It's probably the most obvious ingredient to solving global warming that Al Gore and the administration never thought about: Composting.

According to two new reports being released this week, the simple and homegrown process of composting organic table scraps like veggies and fruits with yard clippings will not only greatly reduce methane emissions but help keep carbon gases in the soil.

It's a “win-win,” according to the reports provided to Secrets by the Washington-based Institute for Local Self-Reliance.

While the administration and global warming advocates have been pushing expensive solutions and even the elimination of coal-fired energy plants, the group's new reports suggest that composting will help solve the issue of gasses emitted at landfills and generally from the soil.

For example, landfills emit twice as much methane as open manure pits. The reason: They are full of decomposing organic and biodegradable trash. So instead of putting that in the dump, the group recommends composting.

It not only keeps the methane-producing products out of the landfill, but helps create earthy compost material that can then be spread on the ground, keeping in carbon gases.

“Composting not only avoids landfill methane emissions, but also sequesters carbon, improves plant growth, increases the organic matter in soil, reduces water use by 10 percent,” said the report titled “The State of Composting in the U.S.”

The report added: “It also reduces the need for fossil-fuel based fertilizers, the production of which contributes significantly to greenhouse gas emissions.

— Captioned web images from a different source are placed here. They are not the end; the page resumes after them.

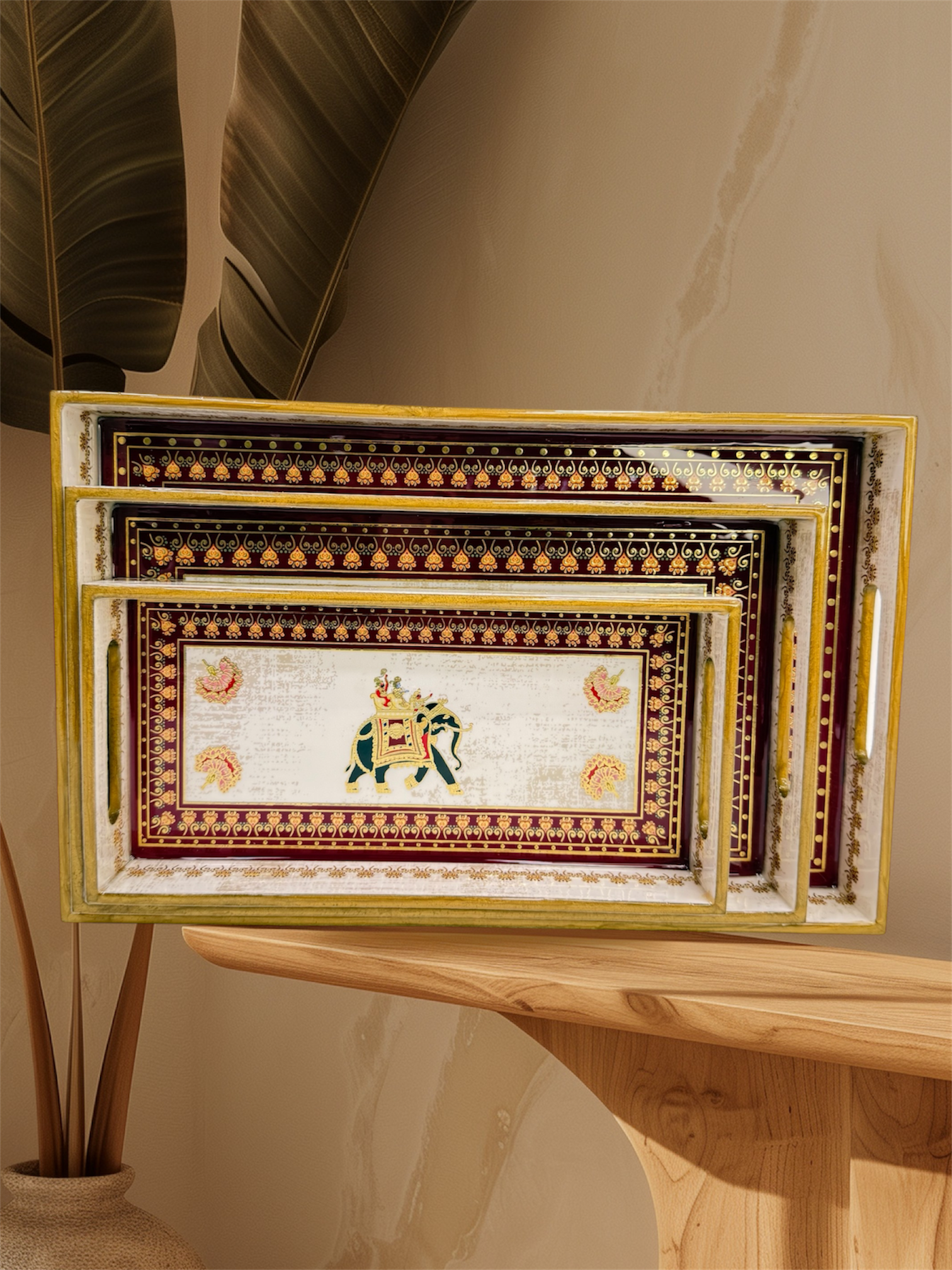 Designer Wooden Tray 3pc Set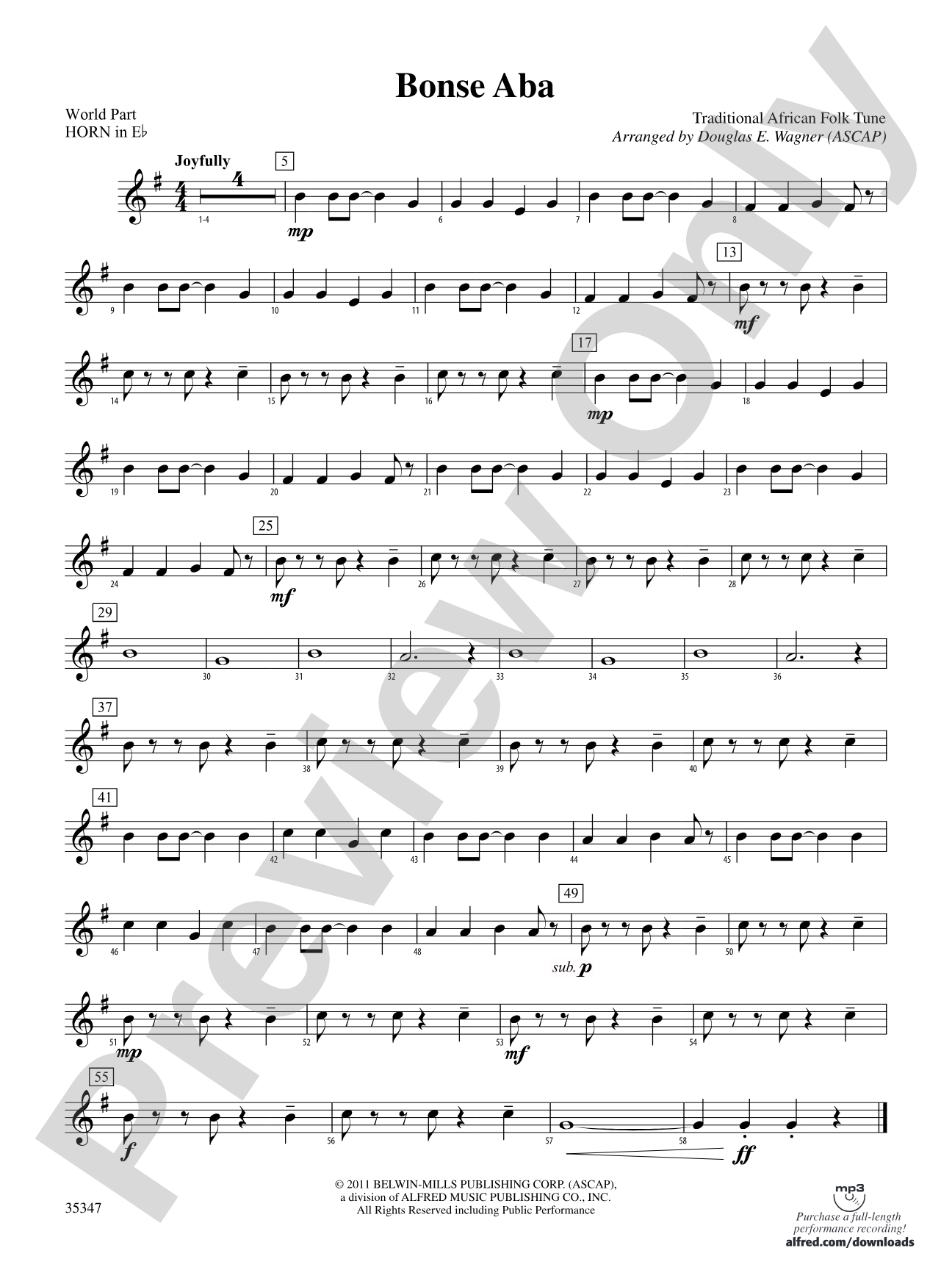 Bonse Aba: (wp) 1st Horn in E-flat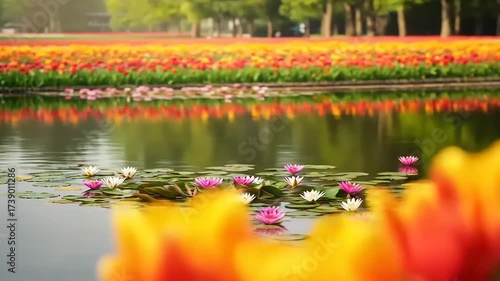 Tranquil water garden with colorful tulip fields and water lilies reflected in a serene pond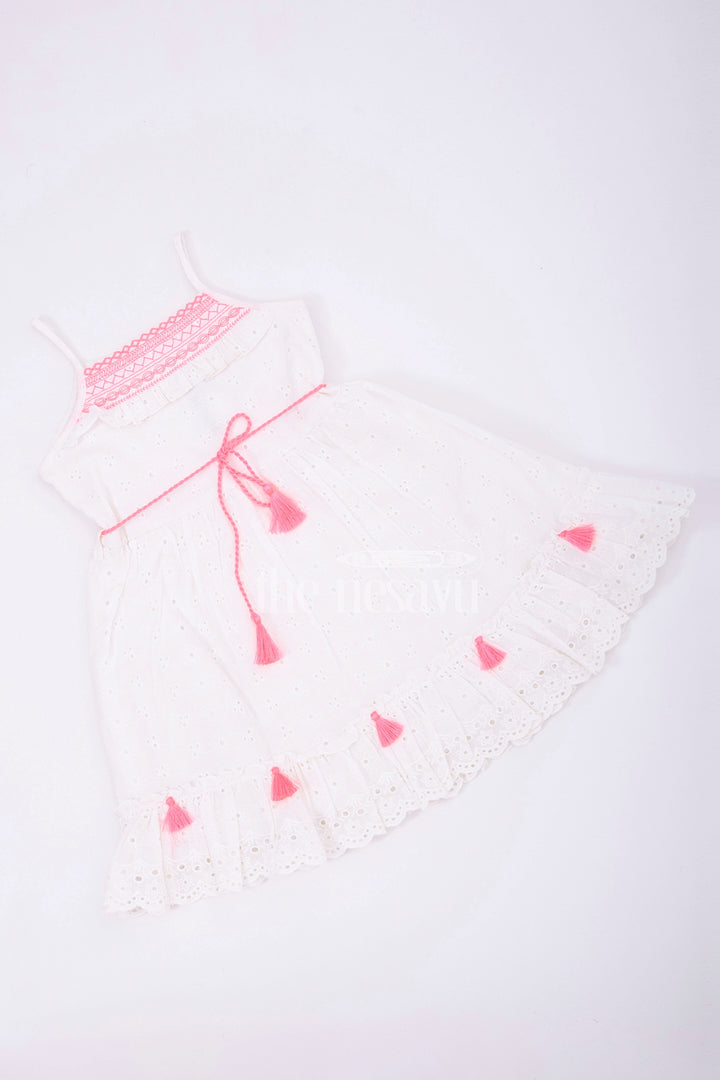 The Nesavu Baby Cotton Frocks Adorable Cotton Short Dress - Sleeveless Neon Embroidery Baby Frock Nesavu Adorable Cotton Short Dress - Nesavu | Neon Embroidery Baby Frock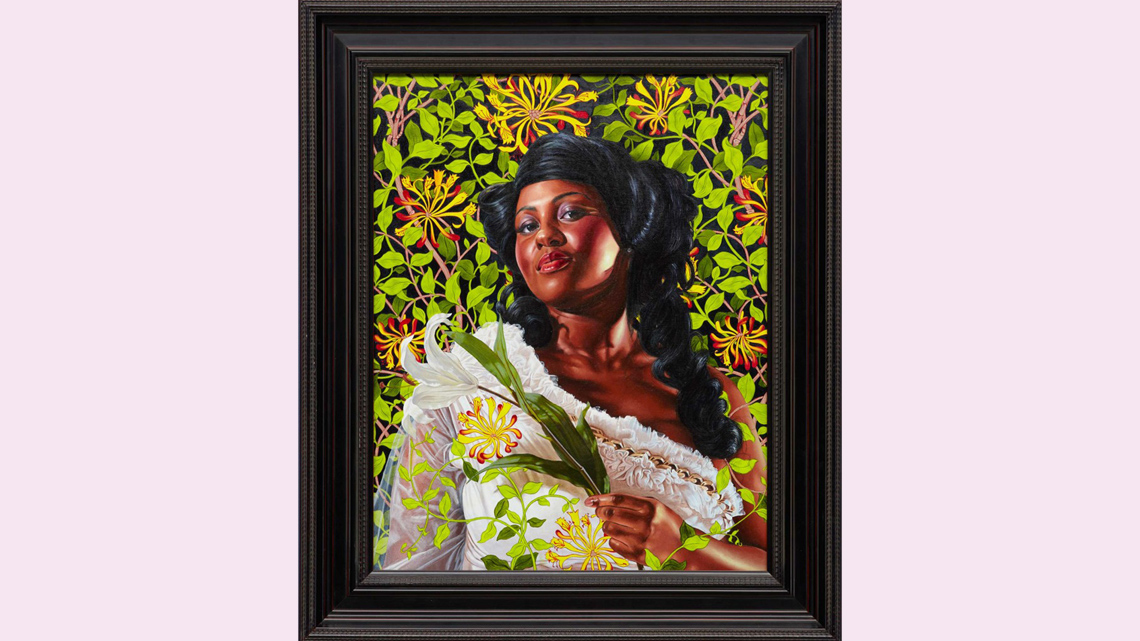 A realistic painting of a woman holding a flower and looking confidently at the viewer against a vibrant pattern of plants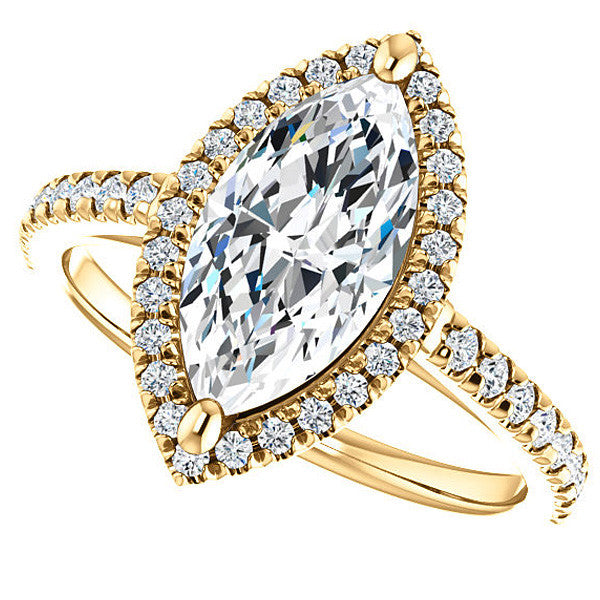 Marquise Cut Halo Cathedral Engagement Ring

Half of the energy used in agriculture is for making chemical nitrogen fertilizers. All of these benefits will be increasingly relevant in combating climate change. Furthermore, composting has the advantage of being easily implemented on a wide scale within five to 10 years.”

Said Rebecca Toews of the Institute for Local Self-Reliance, “The Polar Vortex, flooding and droughts — all of these extreme weather conditions are hot topics right now — and on the minds of people all over the nation. What if the effects of all the extreme weather and heavy droughts could be curbed by just a few simple community composting tricks?”